The coins minted in the last years of Malichus' rule were made of silver and bronze. The silver coins were issued in two denominations: half-shekel and quarter-shekel. Carrying Nabataean Aramaic legends, they read, "Malichus the king, King of the Nabataeans" (with one variant omitting the latter half). They are also dated by regnal year using Greek letters, preceded by an "L" signifying "date". On the obverse of all is a portrait of Malichus, his curly hair topped by a diadem. On the reverse is an eagle (Note: Eagles appear frequently in Nabataean iconography, and are variously interpreted as references to Dusares and Qos (See p. 236 Index in Healy, 2001).) which on the quarter-shekel is also foregrounded by a palm branch.
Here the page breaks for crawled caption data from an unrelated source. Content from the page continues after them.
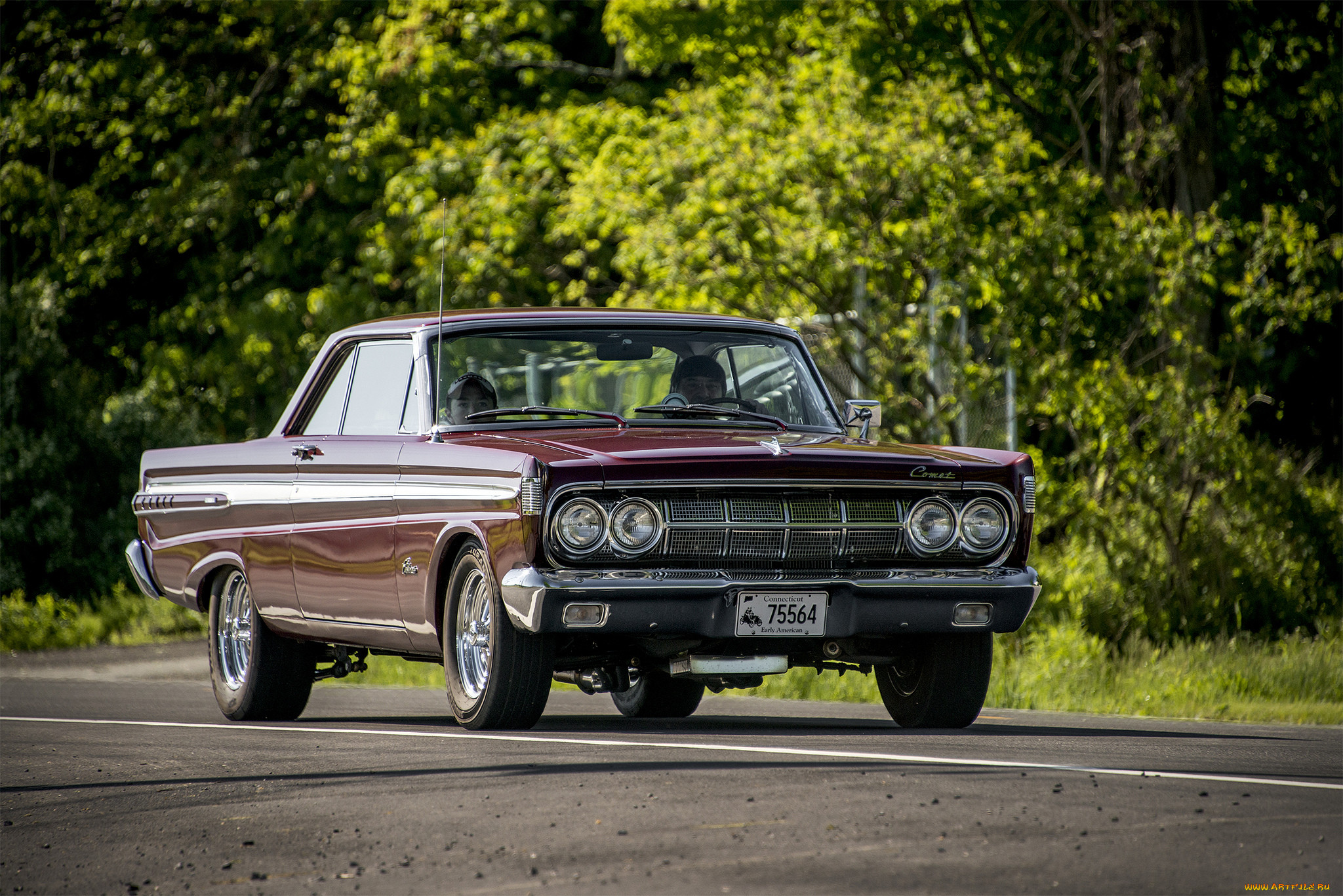 mercury comet, , mercury, , , 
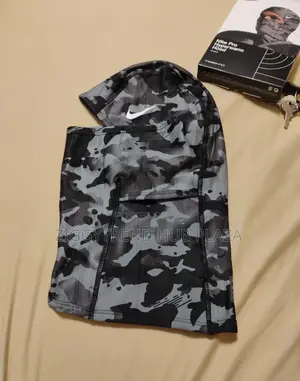 Brand New Nike Ski Mask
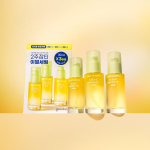 goodal Green Tangerine Vita-C Dark Spot Care Serum 30mL kolmekordne komplekt yellow
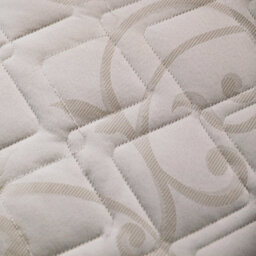 Divan Base Direct Super Paris Orthopaedic Backcare Sprung Divan Bed Set 6Ft Super King 2 Drawers Side - Naples Slate - thumbnail 2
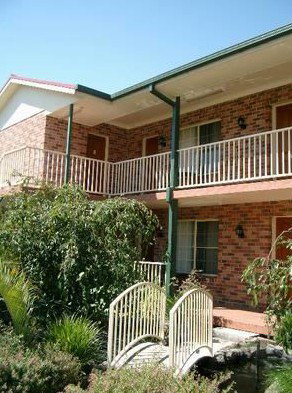 Glendale NSW Lismore Accommodation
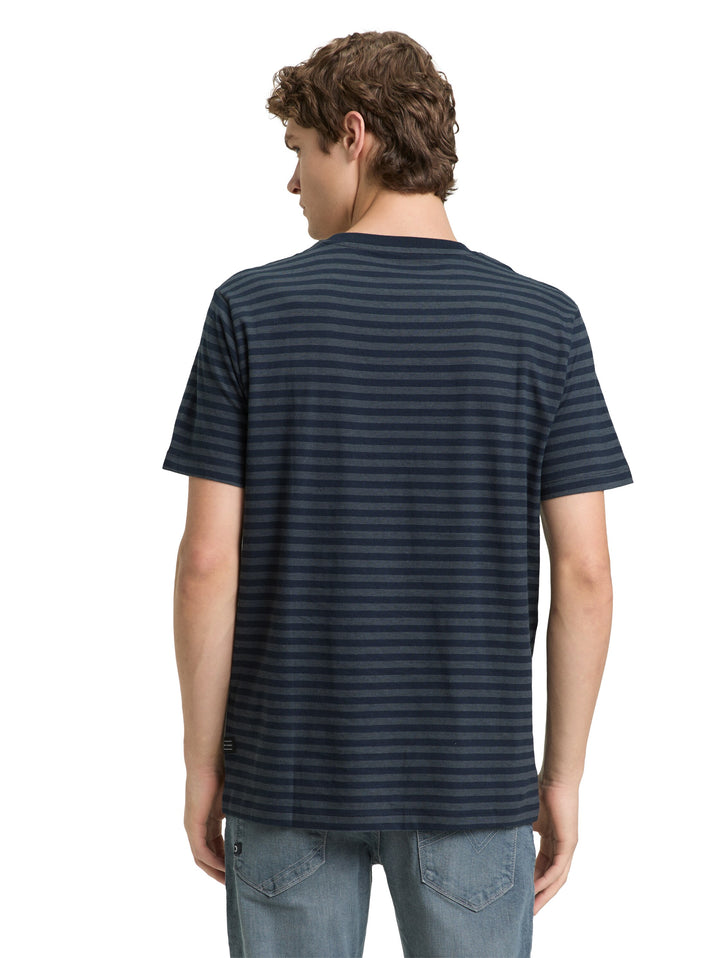 STRIPED T-SHIRT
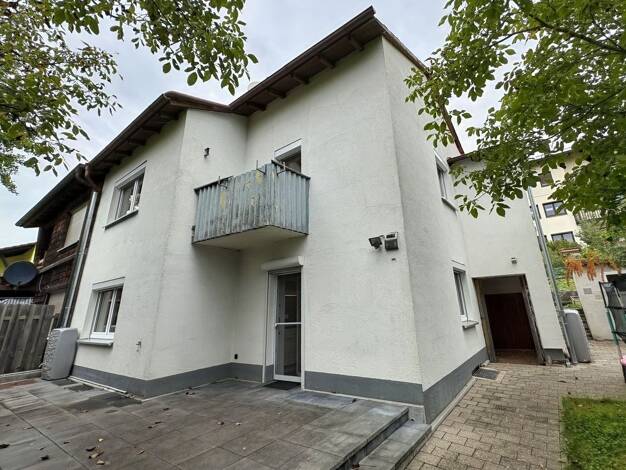 Doppelhaushälfte zum Kauf 274.000 € 4 Zimmer 98 m² 343 m² Grundstück Treuchtlingen 91757
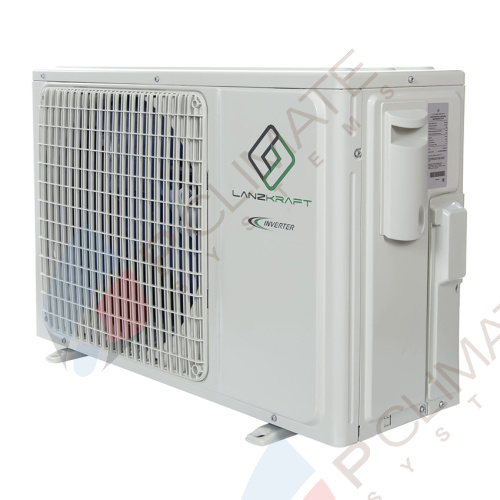 Наружный блок мульти сплит системы Lanzkraft LMO4-100A1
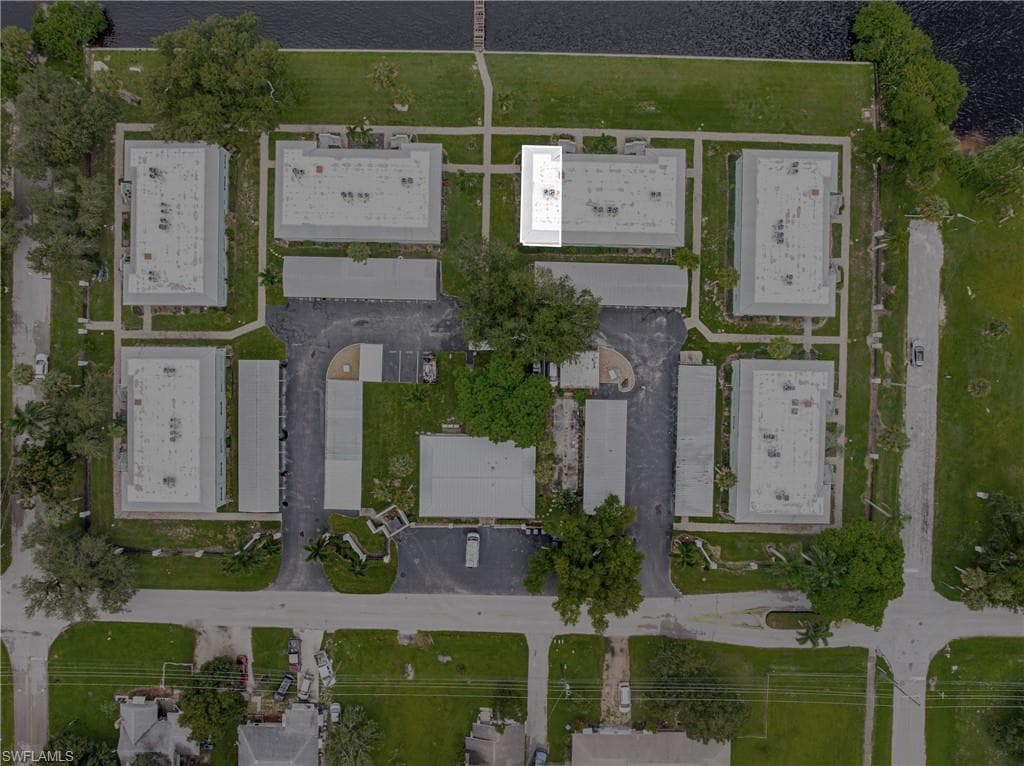 3225 E Riverside DR # 34C, FORT MYERS FL 33916-45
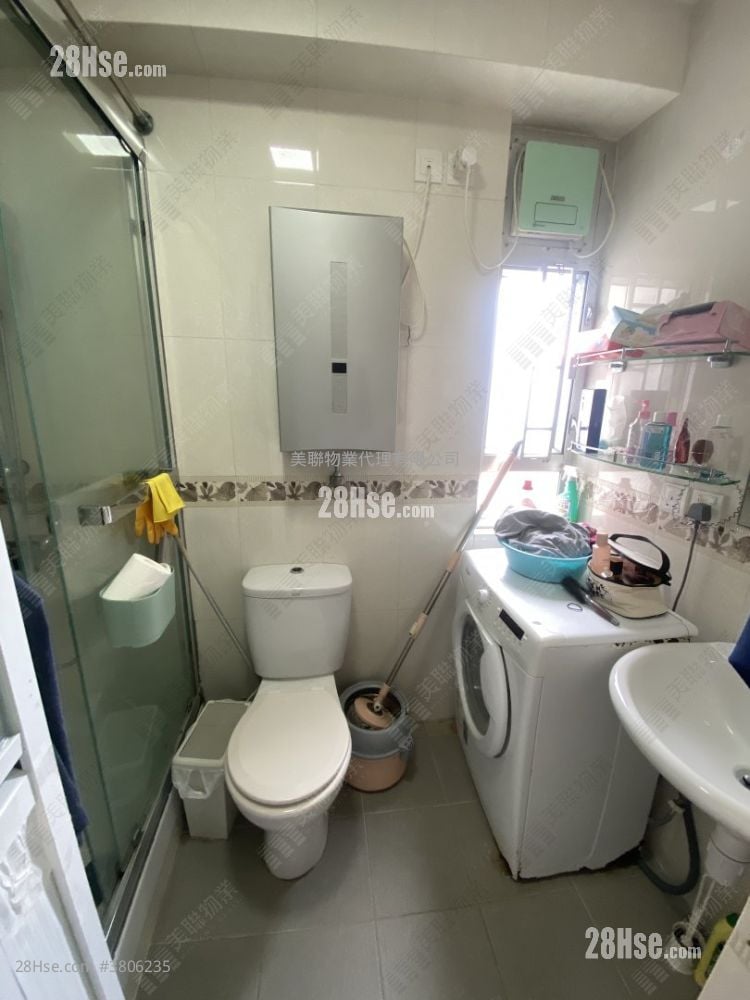 富雅花园 售盘 2 房 484 平方尺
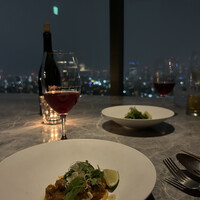 Longrain Tokyo - 
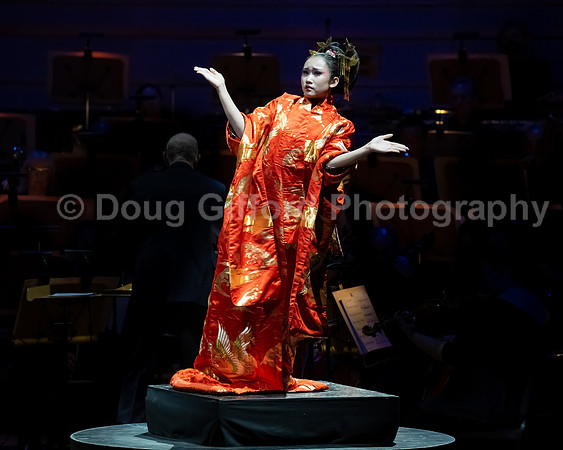 Pacific Symphony - John Williams: A 90th Birthday Celebration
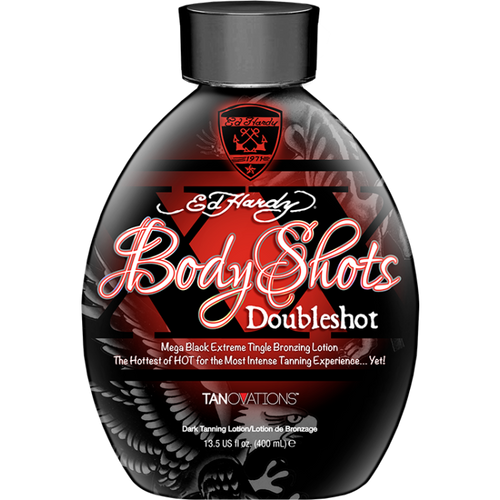 Ed Hardy Body Shots DoubleShot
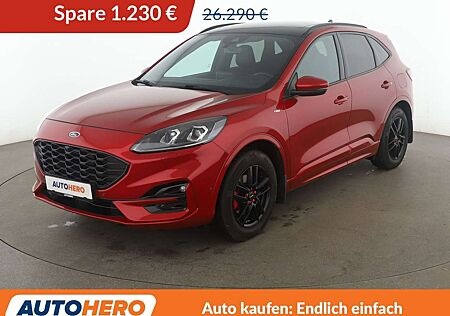 Ford Kuga 2.0 TDCi EcoBlue ST-Line X Aut.*NAVI*LED*CAM*SHZ*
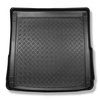 Kofferraumwanne für Audi A4 B9 Avant (11.2015-2024) - Kofferraummatte rutschfest Schutzmatte - auch für Modelle mit Schienen; auch für die Allroad Quattro-Version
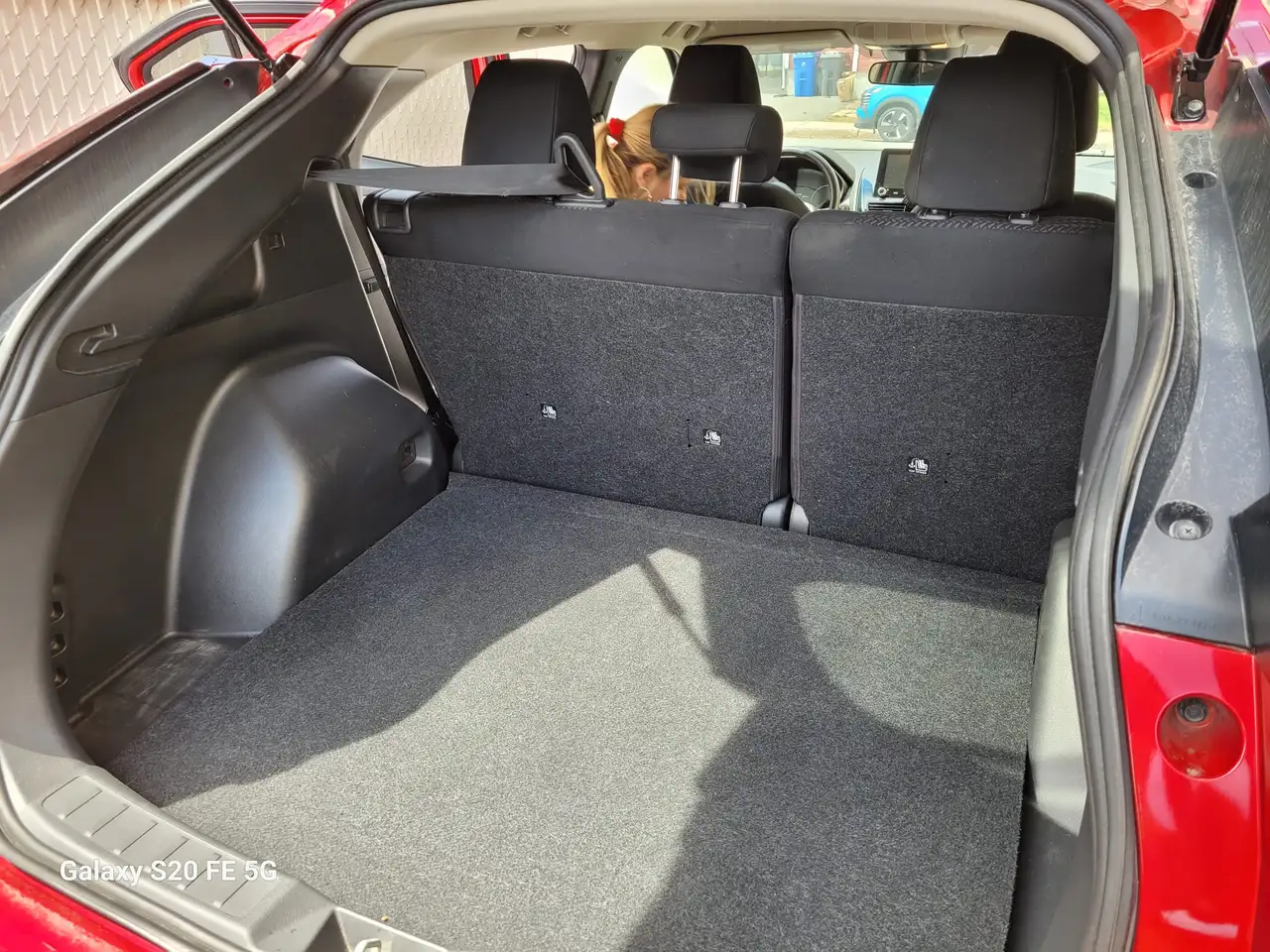 Mitsubishi Eclipse Cross снимка Mitsubishi Eclipse Cross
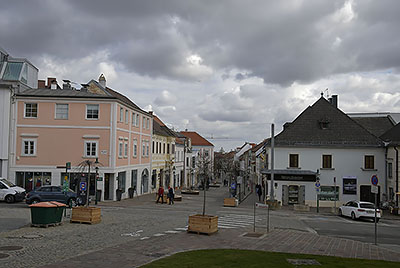 Eisenstadt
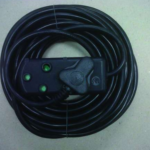 Electrical 10m Extension Lead 2.5mm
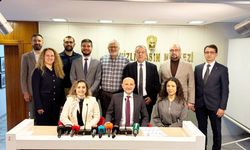 PROF. DR. BÜLENT TOPUZ İDDİALI: FARK YARATACAĞIZ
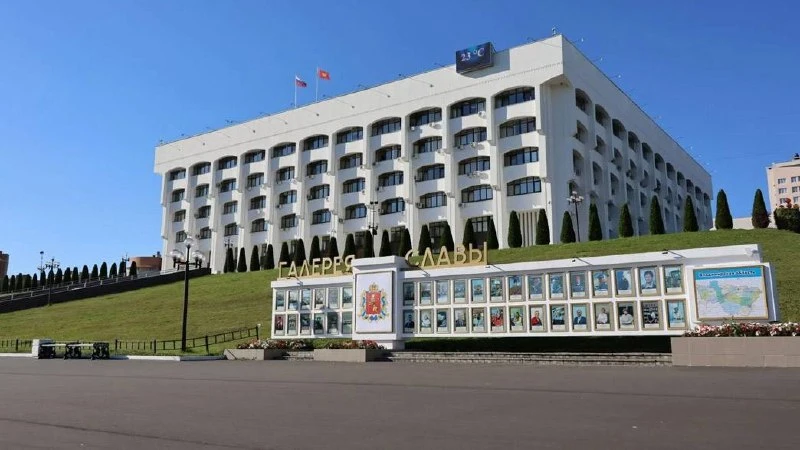🏛 В «Галерее Славы» Владимирской области появились новые лица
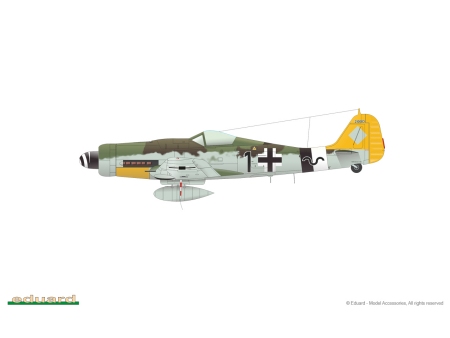 Fw 190D-9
The bronze coins carried the same obverse as the silver, with the reverse differing according to their size. On the large bronze coins (22 mm), a cornucopia was depicted, while the medium (18-20 mm) carried the eagle of the silver series. On the reverse of the small bronze coins (16 mm) was a hand that J. Patrich has identified as the Idâ-rûmâ ("high hand" or "strong hand") of Dusares, a deity worshipped in pre-Islamic Arabia. While the inscribed legends on the bronze coins were identical with the silver, the dates on the bronze coins were recorded using Nabataean numerals and preceded by Nabataean script reading snh ("year").